##### Listed records

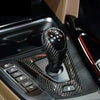 BMW M2 M3 M4 M5 M6 X5M Gear Shift Knob Cover (2014-2023)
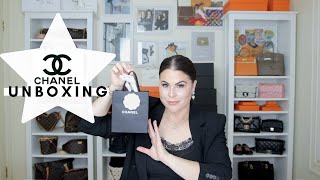 CHANEL UNBOXING | Jerusha Couture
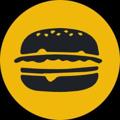 Logo saluran telegram secourityi — Burger khareji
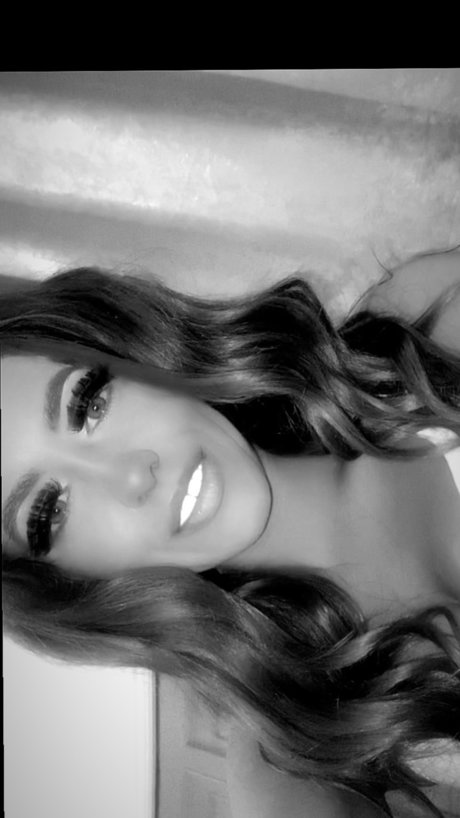 Foto desnuda filtrada de OnlyFans de Callierae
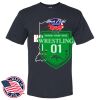 Honor Flight - USA-Made Midweight T-Shirt Thumbnail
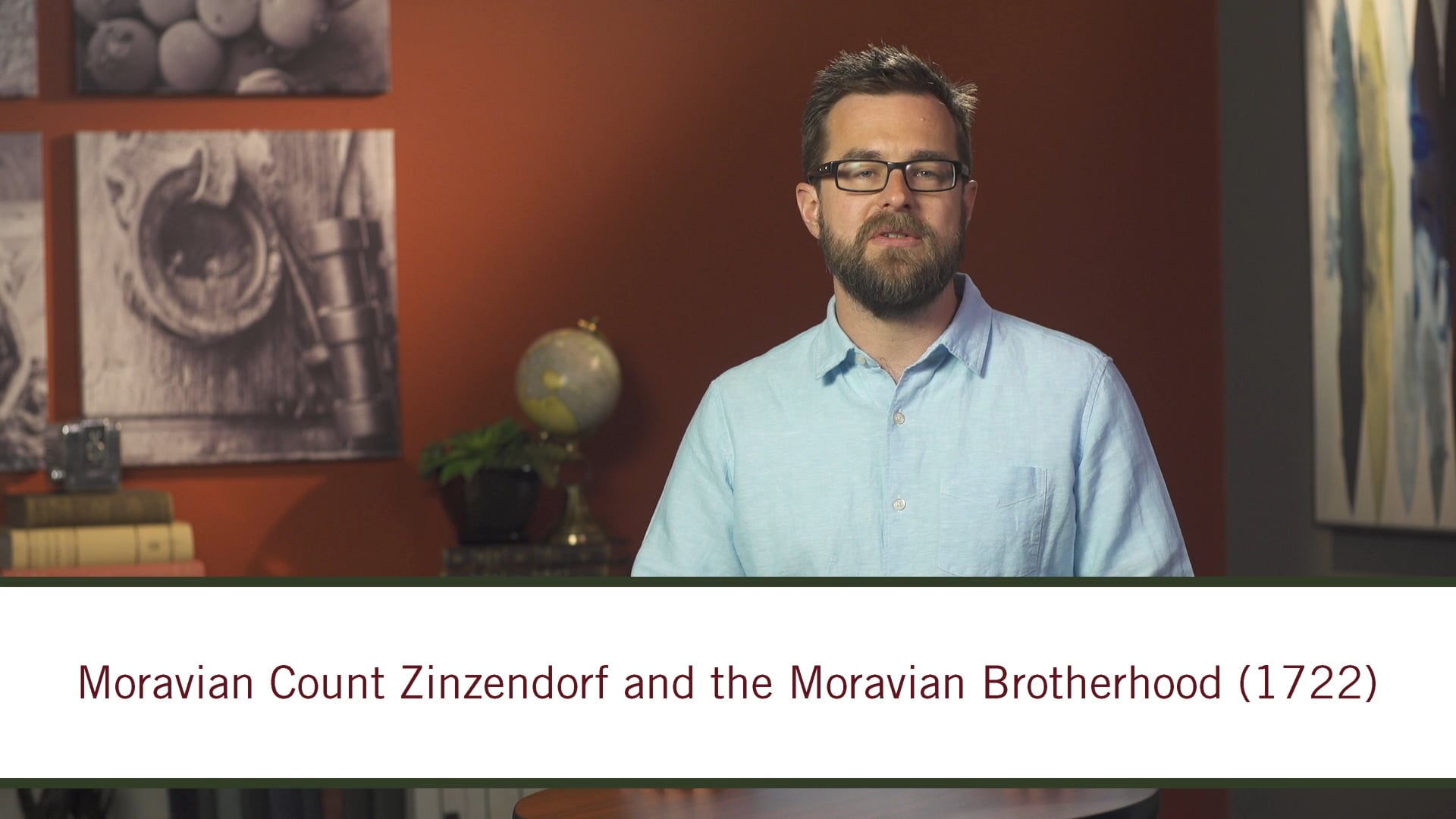 Christian History - Session 18 - Reason and Revolution: 1700-1800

##########

When you reach the line containing "Logo saluran telegram" in the records above, write out that line and every line after it through the end, exactly, but omit the pictures.

--- Solved exercise ---
 Logo saluran telegram secourityi — Burger khareji
 Foto desnuda filtrada de OnlyFans de Callierae
 Honor Flight - USA-Made Midweight T-Shirt Thumbnail
 Christian History - Session 18 - Reason and Revolution: 1700-1800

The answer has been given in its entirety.